*
“Saçların...”
Tek bir söz düştü dudaklarından. Önce anlamadım ancak boşta kalan elini uzattı boynuma. Boynumu tüy gibi hafif bir dokunuşla ezip geçen parmakları göğsümün kabarmasına sebep oldu.
Parmakları usulca eşarba dolandı, bunu hissettim. Hafifçe aşağı çekilen eşarbın dokusunu, saçlarımın üzerinden kayışını hissettiğimde karnım burkuldu, bir zelzele almıştı bedenimi.

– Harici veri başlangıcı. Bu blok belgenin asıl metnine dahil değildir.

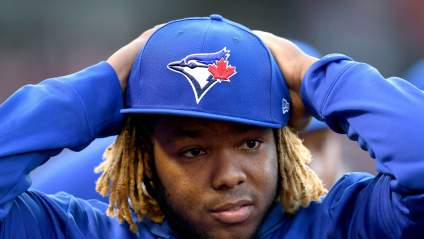 Vladimir Guerrero Jr. Signs Exclusive Memorabilia Deal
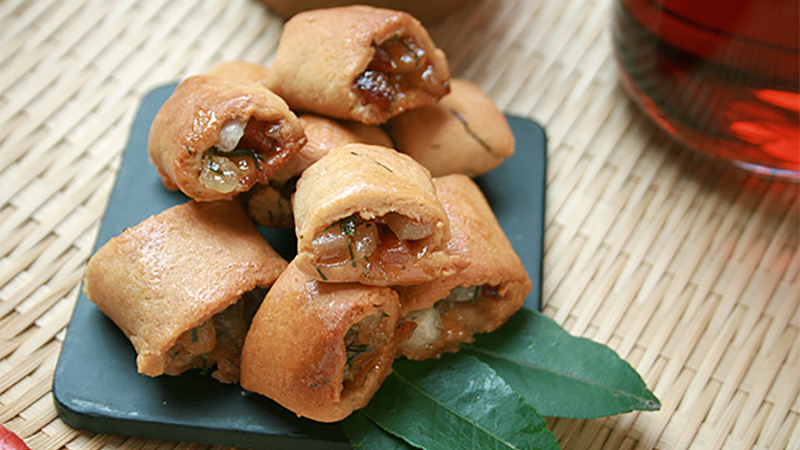 Quà Hà Nội Mua Gì? Top 10 Đặc Sản Hà Nội Làm Quà Biếu Ý Nghĩa Nhất 15 Cách làm bánh chả Hà Nội - Món ăn dân dã, thấm đậm hương vị tuổi thơ
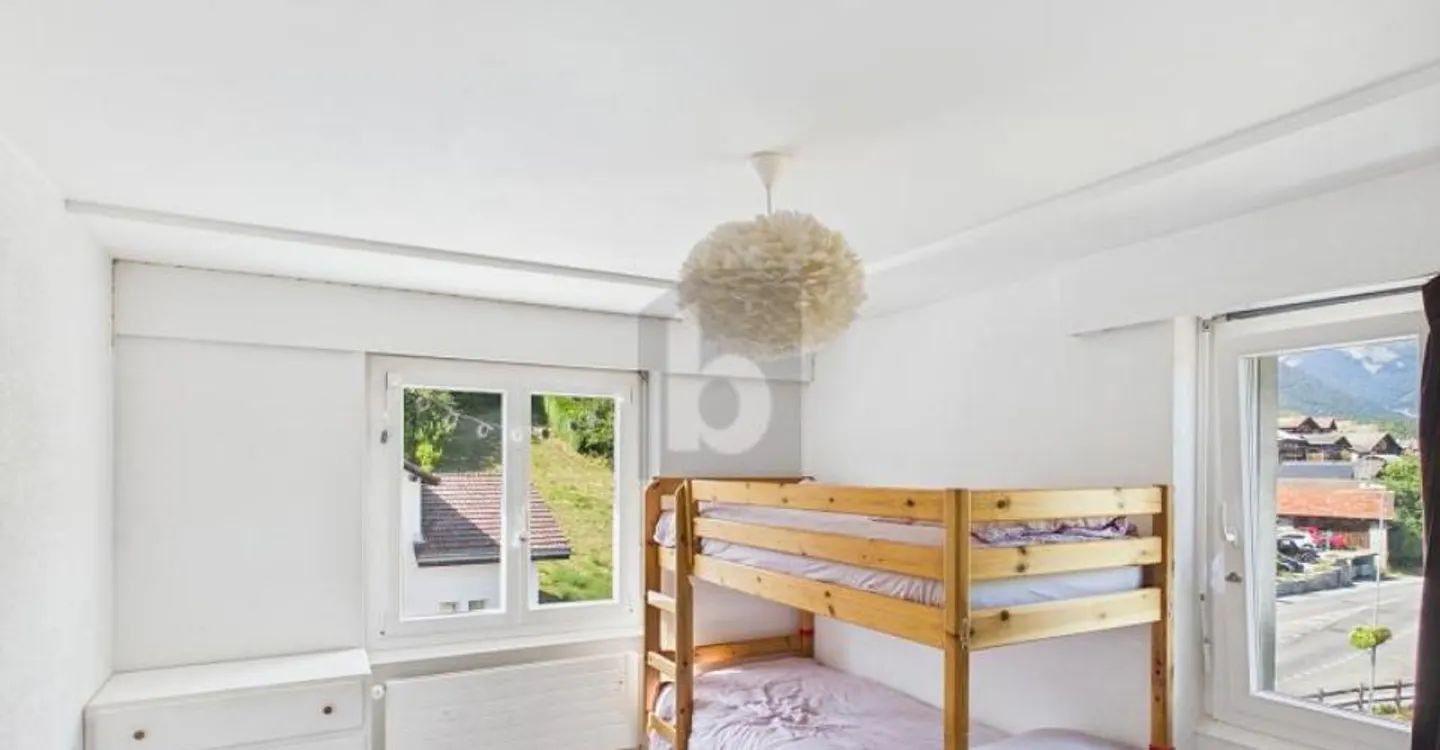 ATTIC WITH BALCONY AND CONVERTIBLE ATTIC - Photo 3 of 4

Sırtıma doğru düşen eşarbı parmaklarının arasına aldı. Ne yapmaya çalıştığını önce anlayamadım, eşarbı neden saçlarımdan çekip aldığını düşündüm ancak bir sonuca da varamadım.
O değil miydi saçlarını ört diyen?
“Siz ne yapıyorsunuz?” dedim, aklımın içinde dönüp duran sorulardan birini dile getirerek.

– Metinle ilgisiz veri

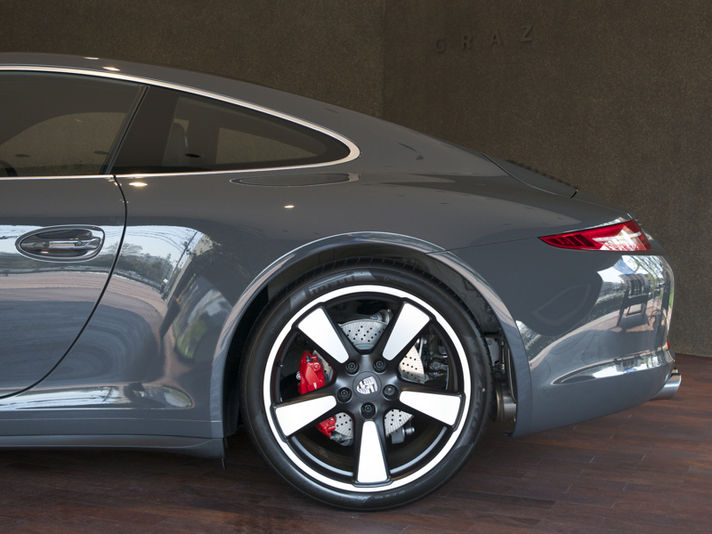 ポルシェ 911(Type991) 911 50th anniversary edition 新車 情報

Parmaklarımı sıcak, esmer kavruk teninden çeksem de avuçlarım hala gömleği ile çıplak teni arasına temas ediyordu.
Soruma cevap vermeye tenezzül etmeden saçlarıma doğru eğilmesi ile gözlerim irileşti. Burnunun ucunu hafifçe saçlarımın arasına sızdırdı, bedenime yayılan ılık his ile parmak uçlarım titredi.
İçine çektiği derin nefesi hissettim, sanki alabileceği son nefemişcesine içine çekmişti saçlarımın kokusunu. O an aklım darmaduman oldu, ciğerlerine çektiği kokumu daha fazla almak istermişçesine üzerime eğildiğinde kollarının arasında donup kalmıştım.
Ne yapıyordu bu adam?
Görmüyor muydu kollarının arasında eriyip kül olacağımı?

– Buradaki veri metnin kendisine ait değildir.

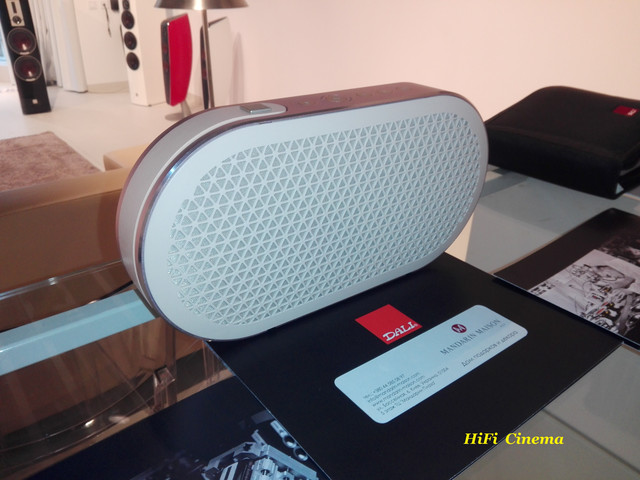 DALI Katch Cloud Gray in Dali Days 1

Yanlış, diye fısıldadı iç sesim.
Her ne kadar onu sevsem de bana hem kızıp, azarlarcasına konuşup şimdi de bir şey demeden kollarının arasına alamazdı.
Bu çok yanlıştı.
Günahtı.
“Kokun...”
Devam etmedi, bu beni harekete geçiren şey oldu. Avuçlarımı bastırarak onu hafifçe itmek istediğimde bedeninin iriliğini aklımdan kaçırmıştım. O, çok ağırdı.